#### Your task
Copy out the final stretch of the listing: the line that contains "atabay Cat Printed Girl's Shorts Lilac" and all lines after it, exactly as they appear.

#### Data below
=== Section Start ===
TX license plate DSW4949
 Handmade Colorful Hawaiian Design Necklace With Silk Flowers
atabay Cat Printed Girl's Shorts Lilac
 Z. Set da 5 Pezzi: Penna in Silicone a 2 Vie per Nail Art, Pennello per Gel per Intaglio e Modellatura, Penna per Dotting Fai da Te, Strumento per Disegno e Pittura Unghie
=== Section End ===
#### Exercise result
atabay Cat Printed Girl's Shorts Lilac
 Z. Set da 5 Pezzi: Penna in Silicone a 2 Vie per Nail Art, Pennello per Gel per Intaglio e Modellatura, Penna per Dotting Fai da Te, Strumento per Disegno e Pittura Unghie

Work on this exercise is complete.